We had a casual conversation with Jeetu and got to know a few things about his life before stardom and more.
You’re a big celebrity now. How do you handle all the fame?
I’m literally always awkward. I’m still learning how to deal with this. It’s still very overwhelming for me. (laughs) I still don’t know how or what I should talk about. I’m learning to be comfortable around people. Like this one time, someone comes up to me and asks where I live. I told him the general area but he started asking me what’s my flat number and all. One person asked me what’s my real height, because he said I look taller on screen. So one can never be prepared for the kind of things people ask. It’s still a learning process. I’m very grateful for where I am but whenever someone approaches me, I’m keeping my fingers crossed that they just take a selfie with me. Because if they start asking questions, my awkwardness will get exposed.
Who’s the best co-actor you’ve worked with till date?
I would say Aryan — the dog I worked with on Cheesecake.
Out of all the parts you’ve played, which is the one character you identify with the most?
I think Jeetu Bhaiya from Kota Factory. I’ve been a teacher myself and I’ve also been around supportive teachers like him all my life. I got a lot of freedom to interpret this character in my own way. So I took a lot of inspiration from teachers around me as well from my own experience. So that is one character who’s very close to my heart.
How did your family react to your decision to be an actor?
My whole family thought I had gone mad. All my aunts and uncles had gathered to knock sense into me. Each of them sat me down to let me know what a mistake I’m making. It took a few fights and a lot of banter to finally make them agree to it. They asked me to give them time, but I was like I can’t say how long it’ll take and I don’t want to leave my dreams midway. So they were finally convinced and said okay follow your dreams.

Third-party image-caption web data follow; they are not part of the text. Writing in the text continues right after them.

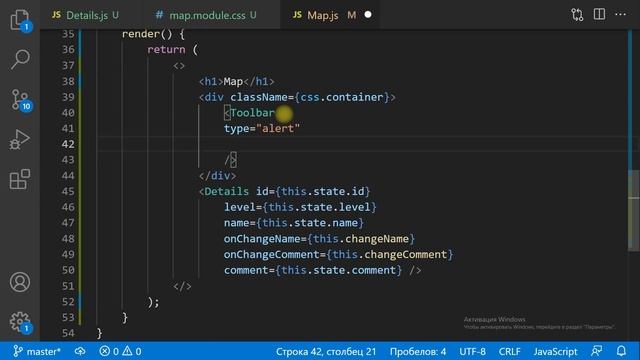 Create react app. Part 6 of 10: Map screen смотреть онлайн
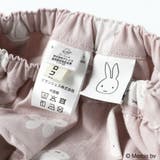 【miffy/ミッフィー】総柄ブルマ | ブランシェス | 詳細画像8
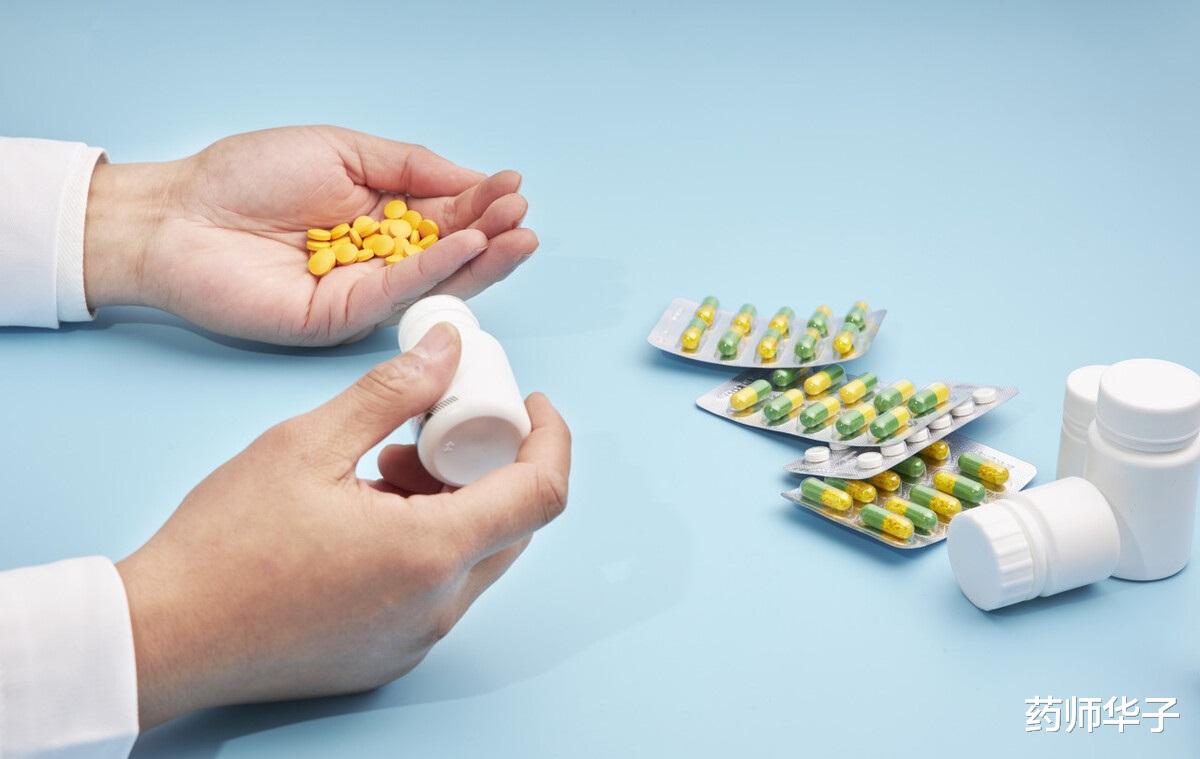 益生菌|患了痛风,在使用非布司他时,要注意什么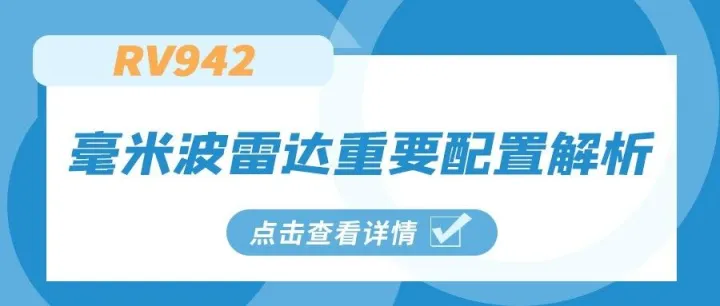 RV942毫米波雷达重要配置解析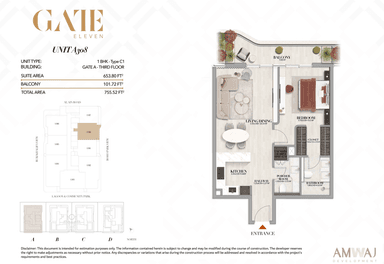 Type A308 - 1 BHK | Gate A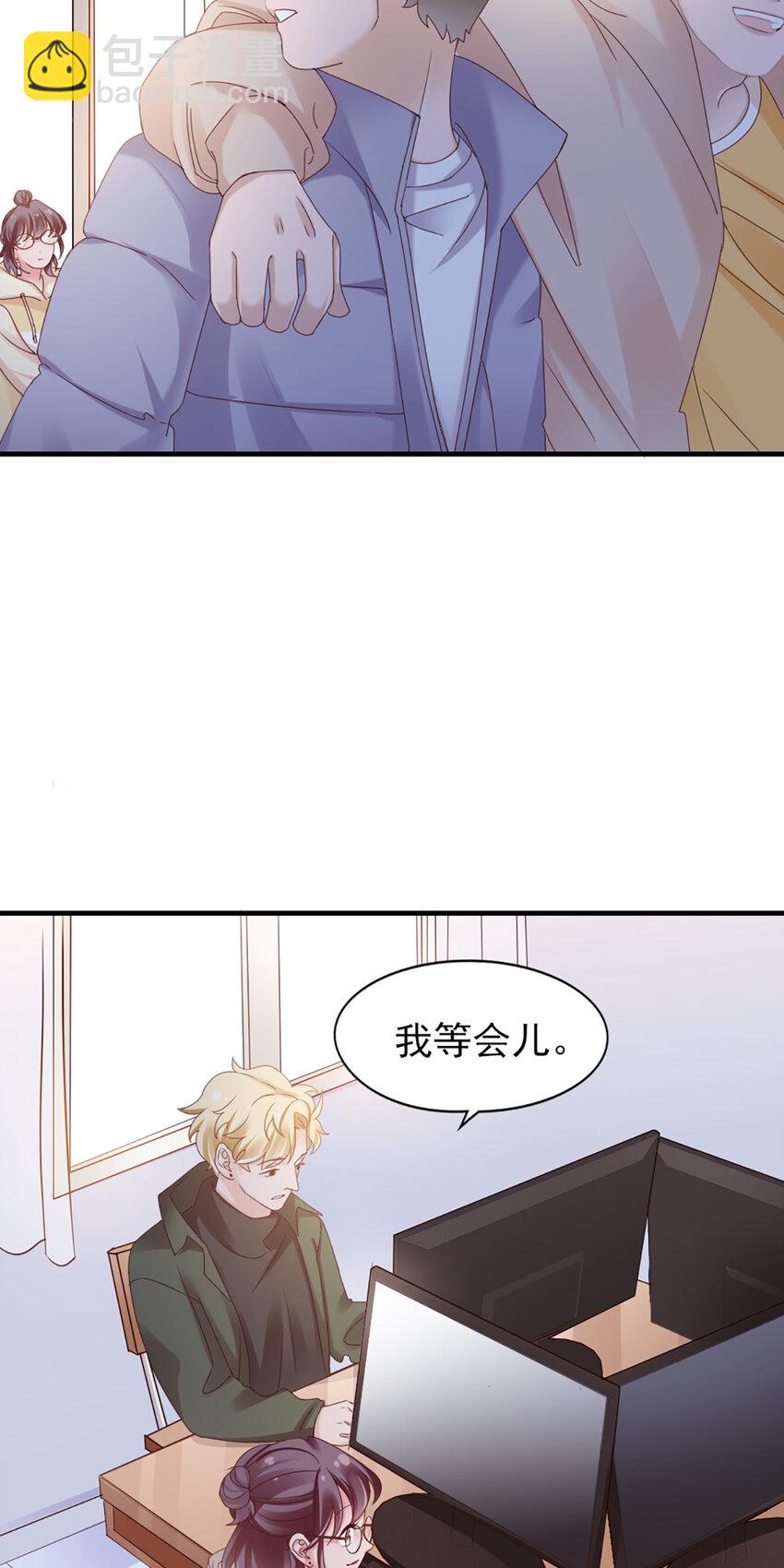 打火機與公主裙 - 35 第35話-還真是公主(1/2) - 6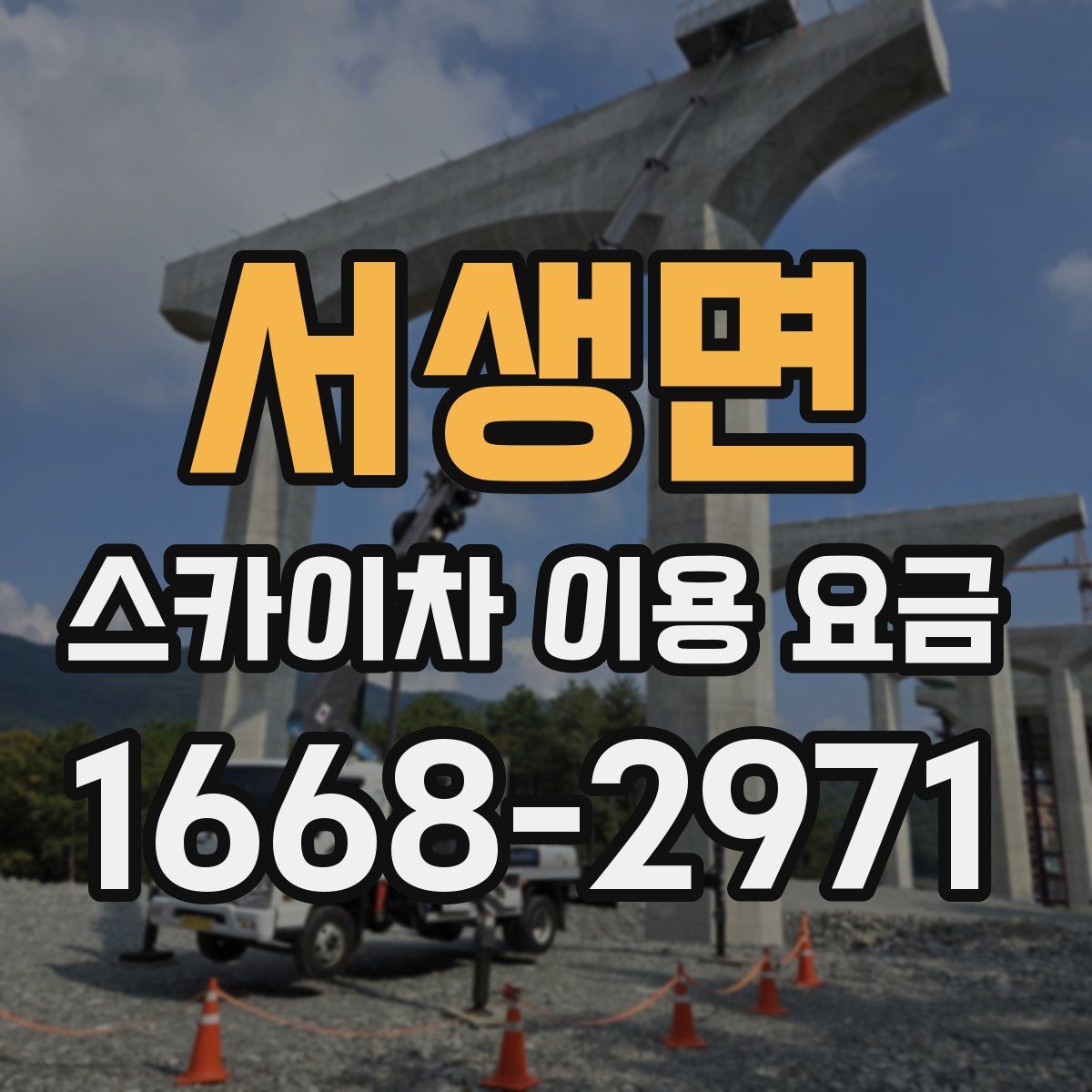 서생면 스카이차 이용 요금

If not an actor what would you be?
I’ve studied civil engineering and worked in a civil engineering company for a while. There I realised this is not something I would want to do long-term. I didn’t know much other than this but I was passionate about acting so I thought why not give that a try. While I was learning and struggling to make it in the industry I started teaching in order to keep myself afloat. I taught Physics at a coaching centre. I was initially scared but I actually turned out decent at it. So if not an actor I’d surely have been a teacher.
What is the story behind your monicker ‘Farji Gulzar’?
This is an old story. So at one point everyone was choosing clever names for their Twitter handle. So I was like even I want to be a part of this. I used to write poetry at one time. But it wasn’t really great. My friends found my poems particularly weird and used to tease me with the name ‘Farji Gulzar’. So once when we were brainstorming names for my Twitter handle, at once everyone came up with this name for me and it just stuck.
What was your time like in IIT?
Being in IIT was like a rollercoaster ride full of ups and downs. Sometimes I would fail at some subject, other times when I would be performing theatre I would be treated like a star. My time in Kharagpur really taught me how to deal with life in both the good times and the bad.
What advice would you give the youth today?
If there’s one advice I would give, it would be to complete your graduation. Complete your education so at least you will have a degree which will be your safety net. You’ll be fully secure and be able to focus on your dream as well as have a backup. Once you’re done with your studies definitely try to follow your dreams — if it does work out great. And if it doesn’t then at least you have something to fall back on.